Donna Anna and her beloved Don Ottavio vow revenge. One of the Don's old flames, Donna Elvira, arrives in time to hear his servant Leporello reading out the "book of lists", the Don's boasting record of his 2065 lovers. Meanwhile, Giovanni barges into a peasant wedding and sets his sights on the bride Zerlina, marrying Masetto. Elvira, Anna and Ottavio arrive and warn her, then Anna accuses Giovanni of attempted rape.
Undeterred, Giovanni throws a masked party for the bridal group and again tries to seduce Zerlina. Her screams alert the avengers; the Don blames Leporello.
In act two, Don Giovanni has swapped his costume with poor Leporello and is now serenading Elvira's maid in the absence of her mistress - who has gone off with the disguised Leporello, believing him to be the Don, sorry for his actions.
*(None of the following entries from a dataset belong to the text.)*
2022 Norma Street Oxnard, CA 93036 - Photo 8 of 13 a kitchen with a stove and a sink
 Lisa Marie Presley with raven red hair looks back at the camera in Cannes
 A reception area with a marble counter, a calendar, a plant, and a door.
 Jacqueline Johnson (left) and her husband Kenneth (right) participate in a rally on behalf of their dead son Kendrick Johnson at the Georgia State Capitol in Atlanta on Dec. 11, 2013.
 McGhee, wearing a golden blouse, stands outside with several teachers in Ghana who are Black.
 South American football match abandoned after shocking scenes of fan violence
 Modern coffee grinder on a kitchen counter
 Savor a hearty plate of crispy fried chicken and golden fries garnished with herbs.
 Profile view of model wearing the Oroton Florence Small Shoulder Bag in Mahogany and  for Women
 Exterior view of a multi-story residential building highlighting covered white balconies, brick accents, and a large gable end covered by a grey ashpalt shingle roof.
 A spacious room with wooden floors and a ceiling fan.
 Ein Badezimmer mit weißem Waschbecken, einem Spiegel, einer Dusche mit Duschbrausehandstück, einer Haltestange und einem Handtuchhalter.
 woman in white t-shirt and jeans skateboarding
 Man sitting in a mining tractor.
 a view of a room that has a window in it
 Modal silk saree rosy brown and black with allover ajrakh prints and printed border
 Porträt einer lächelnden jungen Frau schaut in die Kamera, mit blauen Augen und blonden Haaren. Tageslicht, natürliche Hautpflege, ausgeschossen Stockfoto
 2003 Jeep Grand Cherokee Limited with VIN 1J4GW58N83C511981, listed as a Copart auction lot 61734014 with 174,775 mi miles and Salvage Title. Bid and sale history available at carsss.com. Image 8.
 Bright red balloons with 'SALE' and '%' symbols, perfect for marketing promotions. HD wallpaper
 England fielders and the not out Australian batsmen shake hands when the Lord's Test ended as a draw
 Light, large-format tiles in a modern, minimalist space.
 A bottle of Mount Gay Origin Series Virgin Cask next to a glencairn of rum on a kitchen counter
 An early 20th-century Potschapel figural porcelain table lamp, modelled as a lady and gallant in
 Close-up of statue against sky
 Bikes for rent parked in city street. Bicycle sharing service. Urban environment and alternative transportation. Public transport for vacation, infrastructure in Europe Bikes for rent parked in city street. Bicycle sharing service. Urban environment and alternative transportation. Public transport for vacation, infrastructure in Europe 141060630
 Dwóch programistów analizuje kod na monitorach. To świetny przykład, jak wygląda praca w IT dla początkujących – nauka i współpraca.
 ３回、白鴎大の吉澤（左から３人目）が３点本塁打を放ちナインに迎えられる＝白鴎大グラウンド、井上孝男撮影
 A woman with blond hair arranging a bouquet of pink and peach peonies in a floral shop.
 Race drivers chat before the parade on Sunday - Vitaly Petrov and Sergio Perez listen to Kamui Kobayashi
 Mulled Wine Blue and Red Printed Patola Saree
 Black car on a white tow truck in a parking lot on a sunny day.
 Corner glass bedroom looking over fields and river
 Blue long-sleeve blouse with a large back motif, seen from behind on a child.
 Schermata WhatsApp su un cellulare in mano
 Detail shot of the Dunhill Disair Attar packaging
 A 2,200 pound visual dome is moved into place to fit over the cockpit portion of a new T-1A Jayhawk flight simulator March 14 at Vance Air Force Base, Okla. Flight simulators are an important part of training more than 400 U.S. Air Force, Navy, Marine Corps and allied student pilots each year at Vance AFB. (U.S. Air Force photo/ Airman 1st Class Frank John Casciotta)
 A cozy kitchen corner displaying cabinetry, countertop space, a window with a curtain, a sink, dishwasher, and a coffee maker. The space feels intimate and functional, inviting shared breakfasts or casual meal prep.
It gets more complicated, when a vengeful Masetto comes to punish the Don, who is still pretending to be Leporello. He attacks Masetto, then meets Leporello in the graveyard where the statue of the dead Commendatore speaks to him.
Don Giovanni, as ever uncaring, gaily invites the ghost to supper, where it drags him away to hell. The four survivors of the Don's misadventures - Elvira, Ottavio, Anna and Leporello - come to the conclusion that "evildoers always come to an evil end".